Development and validation of a nomogram for predicting survival outcomes in prostate cancer patients based on SEER database
10.3969/j.issn.1009-8291.2023.08.012
- VernacularTitle:基于SEER数据库预测前列腺癌患者生存率列线图的建立和验证
- Author:
Jinxia LI
1
;
Jiapeng HUANG
1
;
Peihua LIANG
2
Author Information
1. The First Clinical Medical College, Guangzhou University of Chinese Medicine, Guangzhou 510405
2. Department of Urology, The First Affiliated Hospital of Guangzhou University of Chinese Medicine, Guangzhou 510405, China
- Publication Type:Journal Article
- Keywords:
prostate cancer;
nomogram;
prognosis;
SEER database;
clinical prediction model;
overall survival
- From:
Journal of Modern Urology
2023;28(8):696-701
- CountryChina
- Language:Chinese
-
Abstract:
【Objective】 To establish and verify a nomogram model of overall survival (OS) of prostate cancer patients based on the SEER data. 【Methods】 A total of 12 642 patients diagnosed with prostate cancer during 2010 and 2015 were extracted from the SEER database. Patients were randomly divided into the model group (n=8 850) and validation group (n=3 792). The independent risk factors for OS were analyzed with univariate Cox proportional risk regression, lasso regression and multivariate Cox proportional risk regression.

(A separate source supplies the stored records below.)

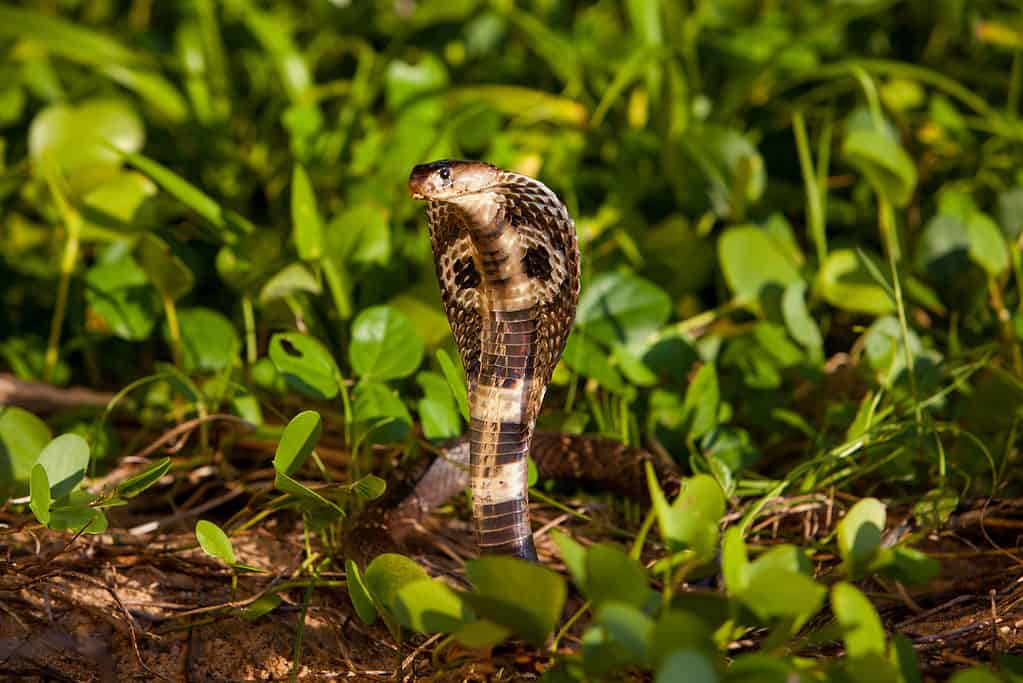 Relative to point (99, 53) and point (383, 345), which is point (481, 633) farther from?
point (99, 53)

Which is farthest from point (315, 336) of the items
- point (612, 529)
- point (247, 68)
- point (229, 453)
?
point (247, 68)

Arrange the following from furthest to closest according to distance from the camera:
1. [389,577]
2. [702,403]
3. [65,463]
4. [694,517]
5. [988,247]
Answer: [988,247], [702,403], [65,463], [389,577], [694,517]

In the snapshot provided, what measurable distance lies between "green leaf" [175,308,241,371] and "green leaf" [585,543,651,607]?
1.61m

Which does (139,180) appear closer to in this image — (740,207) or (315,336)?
(315,336)

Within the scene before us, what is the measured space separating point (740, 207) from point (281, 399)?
1667 mm

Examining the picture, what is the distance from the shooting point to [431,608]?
1610mm

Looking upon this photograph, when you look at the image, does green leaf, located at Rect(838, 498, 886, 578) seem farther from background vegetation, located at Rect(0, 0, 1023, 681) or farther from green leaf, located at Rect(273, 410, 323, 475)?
green leaf, located at Rect(273, 410, 323, 475)

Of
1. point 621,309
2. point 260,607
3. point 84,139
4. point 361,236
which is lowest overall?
point 260,607

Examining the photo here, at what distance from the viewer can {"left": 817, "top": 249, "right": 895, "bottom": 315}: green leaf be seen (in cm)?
301

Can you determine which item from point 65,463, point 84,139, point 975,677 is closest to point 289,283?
point 65,463

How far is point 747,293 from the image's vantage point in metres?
3.05

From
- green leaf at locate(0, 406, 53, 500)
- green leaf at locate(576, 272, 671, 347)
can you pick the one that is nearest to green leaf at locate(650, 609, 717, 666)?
green leaf at locate(576, 272, 671, 347)

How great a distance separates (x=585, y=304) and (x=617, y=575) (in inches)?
57.2

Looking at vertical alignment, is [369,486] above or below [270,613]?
above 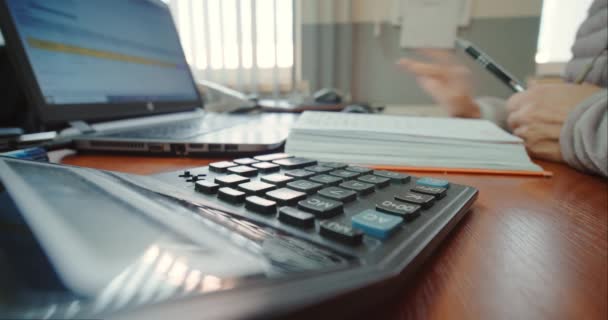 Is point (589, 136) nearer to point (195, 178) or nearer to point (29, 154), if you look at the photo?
point (195, 178)

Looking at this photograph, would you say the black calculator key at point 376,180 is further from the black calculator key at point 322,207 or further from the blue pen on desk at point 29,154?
the blue pen on desk at point 29,154

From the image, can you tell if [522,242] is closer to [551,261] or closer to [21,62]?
[551,261]

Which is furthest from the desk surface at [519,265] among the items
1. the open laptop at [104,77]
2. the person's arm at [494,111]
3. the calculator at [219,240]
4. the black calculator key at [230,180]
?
the person's arm at [494,111]

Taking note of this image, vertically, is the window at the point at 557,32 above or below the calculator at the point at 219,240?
above

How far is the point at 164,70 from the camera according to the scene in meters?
0.71

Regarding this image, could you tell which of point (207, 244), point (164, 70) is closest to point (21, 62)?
point (164, 70)

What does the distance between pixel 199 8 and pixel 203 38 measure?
5.1 inches

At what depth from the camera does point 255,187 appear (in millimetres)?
207

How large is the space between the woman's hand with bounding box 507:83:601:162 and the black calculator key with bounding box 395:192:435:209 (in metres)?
0.36

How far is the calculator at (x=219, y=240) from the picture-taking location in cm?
9

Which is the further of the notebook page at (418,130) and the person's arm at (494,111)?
the person's arm at (494,111)

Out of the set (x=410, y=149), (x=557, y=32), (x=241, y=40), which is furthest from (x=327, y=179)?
(x=557, y=32)

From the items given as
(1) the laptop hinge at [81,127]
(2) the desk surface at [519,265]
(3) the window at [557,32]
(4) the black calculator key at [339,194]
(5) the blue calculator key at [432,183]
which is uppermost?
(3) the window at [557,32]

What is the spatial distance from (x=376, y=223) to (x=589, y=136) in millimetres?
377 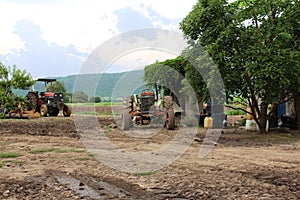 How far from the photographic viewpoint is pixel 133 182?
18.3ft

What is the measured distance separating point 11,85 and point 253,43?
1249cm

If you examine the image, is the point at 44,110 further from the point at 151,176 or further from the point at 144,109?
the point at 151,176

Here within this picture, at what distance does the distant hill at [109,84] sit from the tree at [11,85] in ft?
19.7

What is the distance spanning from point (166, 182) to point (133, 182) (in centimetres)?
47

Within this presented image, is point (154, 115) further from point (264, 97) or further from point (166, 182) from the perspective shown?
point (166, 182)

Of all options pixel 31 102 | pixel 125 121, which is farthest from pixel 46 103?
pixel 125 121

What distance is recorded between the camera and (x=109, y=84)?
1428 centimetres

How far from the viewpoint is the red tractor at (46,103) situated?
832 inches

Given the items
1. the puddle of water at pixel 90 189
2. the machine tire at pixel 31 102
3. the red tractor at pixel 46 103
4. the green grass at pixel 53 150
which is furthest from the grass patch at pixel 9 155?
the machine tire at pixel 31 102

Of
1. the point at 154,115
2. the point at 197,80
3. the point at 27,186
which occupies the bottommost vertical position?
the point at 27,186

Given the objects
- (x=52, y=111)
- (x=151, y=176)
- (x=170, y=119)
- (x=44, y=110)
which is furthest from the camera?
(x=52, y=111)

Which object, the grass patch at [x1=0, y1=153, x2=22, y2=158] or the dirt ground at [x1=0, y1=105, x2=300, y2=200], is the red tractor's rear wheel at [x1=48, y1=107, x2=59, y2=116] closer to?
the dirt ground at [x1=0, y1=105, x2=300, y2=200]

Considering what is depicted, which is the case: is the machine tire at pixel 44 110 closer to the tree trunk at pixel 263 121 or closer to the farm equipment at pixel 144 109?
the farm equipment at pixel 144 109

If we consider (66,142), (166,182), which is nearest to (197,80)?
(66,142) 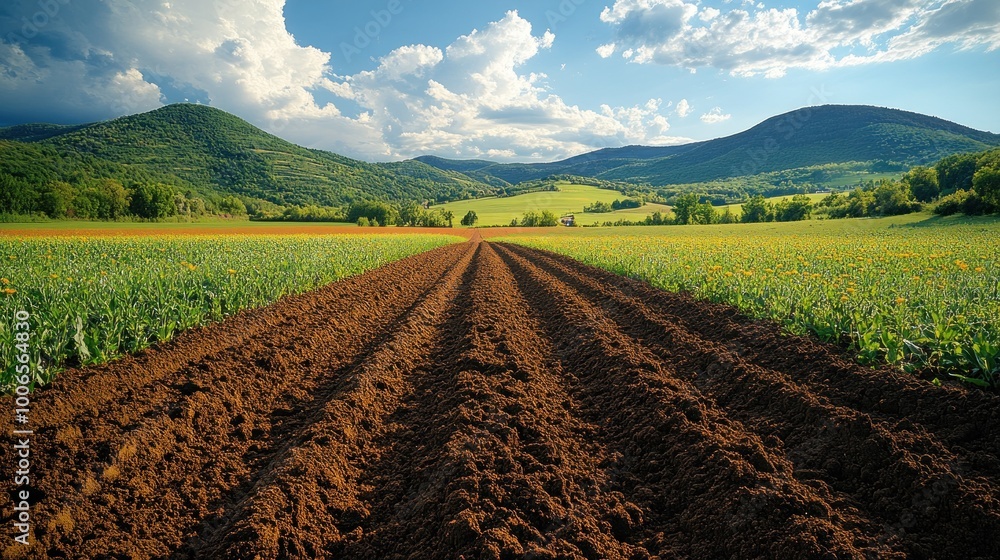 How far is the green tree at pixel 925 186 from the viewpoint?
212 ft

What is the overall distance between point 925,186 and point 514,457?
297 feet

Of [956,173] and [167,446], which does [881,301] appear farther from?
[956,173]

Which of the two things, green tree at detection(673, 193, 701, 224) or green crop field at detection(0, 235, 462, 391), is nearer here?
green crop field at detection(0, 235, 462, 391)

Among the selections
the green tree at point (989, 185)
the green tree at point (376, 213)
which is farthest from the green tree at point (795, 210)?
the green tree at point (376, 213)

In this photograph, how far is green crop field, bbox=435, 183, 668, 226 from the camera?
112 metres

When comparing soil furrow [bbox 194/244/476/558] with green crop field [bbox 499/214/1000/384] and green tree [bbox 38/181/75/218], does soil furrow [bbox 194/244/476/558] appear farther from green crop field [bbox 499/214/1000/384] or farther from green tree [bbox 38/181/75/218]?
green tree [bbox 38/181/75/218]

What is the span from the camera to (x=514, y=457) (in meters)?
3.90

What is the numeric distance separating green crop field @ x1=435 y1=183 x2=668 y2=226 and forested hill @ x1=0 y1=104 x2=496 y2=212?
172 ft

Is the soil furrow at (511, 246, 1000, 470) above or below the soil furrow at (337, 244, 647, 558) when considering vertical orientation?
above

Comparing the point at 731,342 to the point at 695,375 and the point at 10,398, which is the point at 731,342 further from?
the point at 10,398

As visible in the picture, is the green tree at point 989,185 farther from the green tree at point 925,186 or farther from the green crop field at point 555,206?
the green crop field at point 555,206

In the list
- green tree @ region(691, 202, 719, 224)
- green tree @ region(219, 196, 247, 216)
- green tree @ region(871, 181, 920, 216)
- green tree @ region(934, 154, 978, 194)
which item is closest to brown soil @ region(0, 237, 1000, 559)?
green tree @ region(871, 181, 920, 216)

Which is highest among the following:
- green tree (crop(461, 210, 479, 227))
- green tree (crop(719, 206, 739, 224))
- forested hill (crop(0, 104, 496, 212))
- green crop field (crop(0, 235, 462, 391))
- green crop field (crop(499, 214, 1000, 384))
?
forested hill (crop(0, 104, 496, 212))

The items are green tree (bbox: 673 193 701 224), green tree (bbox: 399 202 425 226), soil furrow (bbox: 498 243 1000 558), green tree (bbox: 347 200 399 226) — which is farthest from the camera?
green tree (bbox: 399 202 425 226) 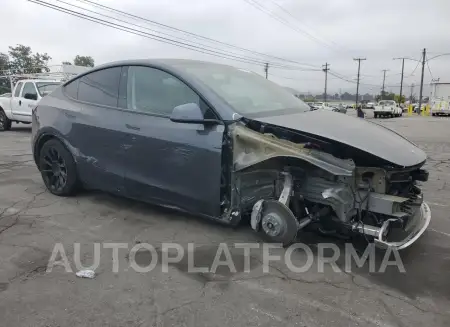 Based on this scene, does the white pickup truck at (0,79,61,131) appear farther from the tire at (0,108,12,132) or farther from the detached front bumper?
the detached front bumper

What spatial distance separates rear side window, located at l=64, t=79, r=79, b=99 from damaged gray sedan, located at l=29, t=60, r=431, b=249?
0.39m

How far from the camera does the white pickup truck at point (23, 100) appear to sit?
13.5m

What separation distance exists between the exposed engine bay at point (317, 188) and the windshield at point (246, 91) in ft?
1.07

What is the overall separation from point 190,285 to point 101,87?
8.37 feet

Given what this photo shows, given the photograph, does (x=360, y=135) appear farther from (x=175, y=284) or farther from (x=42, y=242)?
(x=42, y=242)

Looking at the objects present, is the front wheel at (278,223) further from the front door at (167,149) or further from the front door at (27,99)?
the front door at (27,99)

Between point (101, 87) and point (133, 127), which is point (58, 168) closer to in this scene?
point (101, 87)

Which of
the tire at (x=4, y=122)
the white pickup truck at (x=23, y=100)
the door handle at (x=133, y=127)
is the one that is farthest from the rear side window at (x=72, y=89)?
the tire at (x=4, y=122)

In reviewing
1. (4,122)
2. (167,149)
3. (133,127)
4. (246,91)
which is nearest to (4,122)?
(4,122)

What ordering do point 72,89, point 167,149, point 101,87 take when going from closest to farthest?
point 167,149, point 101,87, point 72,89

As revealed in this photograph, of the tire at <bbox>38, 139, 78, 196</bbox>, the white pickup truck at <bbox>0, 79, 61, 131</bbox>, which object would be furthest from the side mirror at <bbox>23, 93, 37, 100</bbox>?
the tire at <bbox>38, 139, 78, 196</bbox>

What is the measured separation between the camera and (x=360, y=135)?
3.35 m

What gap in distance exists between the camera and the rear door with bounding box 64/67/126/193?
4.19 meters

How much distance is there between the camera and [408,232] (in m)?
3.43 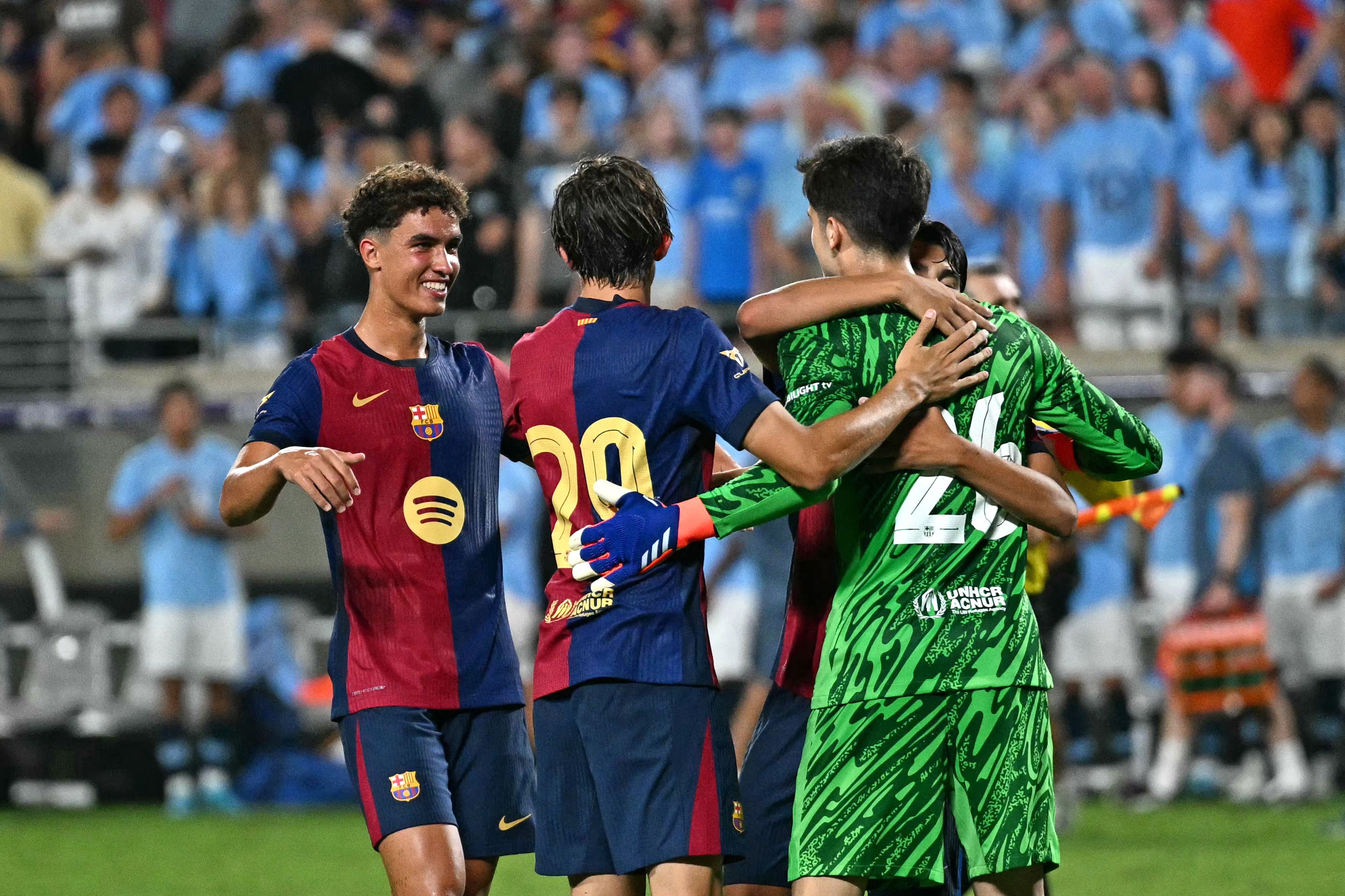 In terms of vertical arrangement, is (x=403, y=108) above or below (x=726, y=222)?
above

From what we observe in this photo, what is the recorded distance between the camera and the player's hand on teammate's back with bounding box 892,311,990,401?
4.02 m

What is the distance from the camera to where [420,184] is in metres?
4.89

A nomogram was constructed to predict the 1-year, 3-year and 5-year OS. The prediction potential of the model was evaluated with the consistency index (C-index), calibration curve and receiver operating characteristic (ROC) curve. 【Results】 Multivariate Cox regression analysis showed that age, T stage, N stage, M stage, bone metastasis, liver metastasis and regional lymphadenectomy were independent risk factors for OS (P<0.05). The seven factors were used to construct an OS nomogram model. The C-index of the modeling set was 0.750, and the area under the ROC curve (AUC) at 1, 3 and 5 years were 0.77, 0.77 and 0.76, respectively;the C-index of the validation set was 0.765, and the AUC at 1, 3 and 5 years were 0.83, 0.79 and 0.76, respectively. The calibration curves of the modelling set and validation set showed a good agreement with the actual survival prediction rate. Risk stratification of patients based on the nomogram model showed that the OS of patients in the high-risk group was significantly lower than that in the low-risk group (P<0.001). 【Conclusion】 The nomogram can be used to predict the prognosis of prostate cancer patients, and is important for individualized treatment plans.